I have had my few moments of idiocy here and there, but that particular one haunts me to this day. It inhabits my sleep and crawls under my skin when I am wide awake.
Like a fucking blood-hungry predator, its talons dig mindlessly, close to ripping away every shred of sanity I have left. It also doesn’t help that I have to see my tormentor every day, since, much like oxygen, she is unavoidable.
It hurts to be around her, yet there is no greater pain than not being around her.
“Eva, I am not kissing you.”
“But you want to. I know you do.”
Her words were the beginning of my downfall. Because I did fucking want to. But limiting myself to just wanting to would have been better.
Because then, I could have just lived with wanting to kiss a girl that I had watched grow into a woman. Not that this would have made me feel any less guilty. But wanting to kiss her would have been better than what I did next.
I kissed her.
She was eighteen. Yet, my desire for her was unbearable. Like a dog with a bone, I jumped at the slightest opportunity to taste her. One fucking kiss and here I am years later, unable to fill up the indentation of that moment.

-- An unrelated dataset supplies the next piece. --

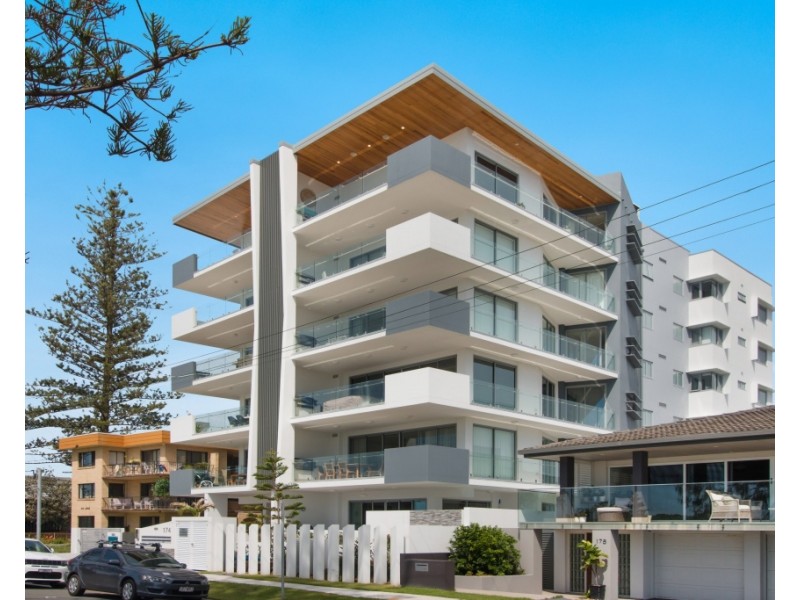 4/174 Pacific Parade, Bilinga QLD 4225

I clear my throat as I glimpse her off in the distance, her camera around her neck and her thick glasses perched on the tip of her nose. Her pitch-black hair twisted to resemble a doughnut on her head, her baggy black cargo pants, and her strappy lemon-green crop top.
I occupy my mind with the task of adjusting my suit as each of her steps brings her closer to me. Perhaps I am nervous. An emotion that only Eva has been capable of evoking in me without even trying.
I struggle not to fidget and scowl while glancing at the vibrant yellow garden around her studio. It stands in stark contrast to the impending darkness I feel within. Just like she is a contrast to that part of me.
She is pure. Something about her always makes the world feel a lot better, the damn sun shine brighter, and even the fucking wind feel more soothing on the skin.
An angel. My angel… No, no, she is just an angel. Not mine. So innocent, but yet so devious. An innocent sinner. She reminds me of Eden, of Paradise, but I am afraid I am already a man doomed for hell.
This will be harder than I had envisioned. It’s meant to be a talk. A quick talk.
“You look like you will hate this session,” her voice is like a soothing balm, her smile like toppings on ice cream, “You didn’t have to agree to it,” she stops before me. So dainty and crushable that I want to wrap a fragile label all over her.
“Hmm,” is all I say, and the fact that I am known not to be much of a talker is good in this case since, around Eva, I am mostly fucking lost for words.
“Hmm?” She snorts dryly, “Want to get on with it then? I take it you have zero seconds to waste.” She is not far from the truth. The longer I stay around her, the hazier the lines begin to look.
The pattern of torture has always been the same. I want to be near her, but I need to fucking maintain some distance between us. I have so much I want to say, but I also have to keep quiet around her so I don’t utter things I can never be heard speaking. It’s amazing how my tongue feels numb when I see her—not out of cowardice, but because I am mesmerized.
“My studio is behind you,” she points with her chin and I slant, giving her access to the door, “For the record, I wanted my father,” she chews the inside of her mouth. “He, at least, never looks like I am holding a gun to his head when I ask him to be my model,” she takes a step towards the door, “And I didn’t even ask you,” she spins, the proximity too fucking close and I do us both a good.
I step back.
She didn’t ask and everyone was surprised I had, in fact, offered. Her father didn’t give much thought to it. But Vittoria, her stepmother, that conniving matchmaker… well, she seemed pleased by the idea. The truth is, I offered because I needed Eva’s attention for a quick while, and I wanted it to be just the both of us.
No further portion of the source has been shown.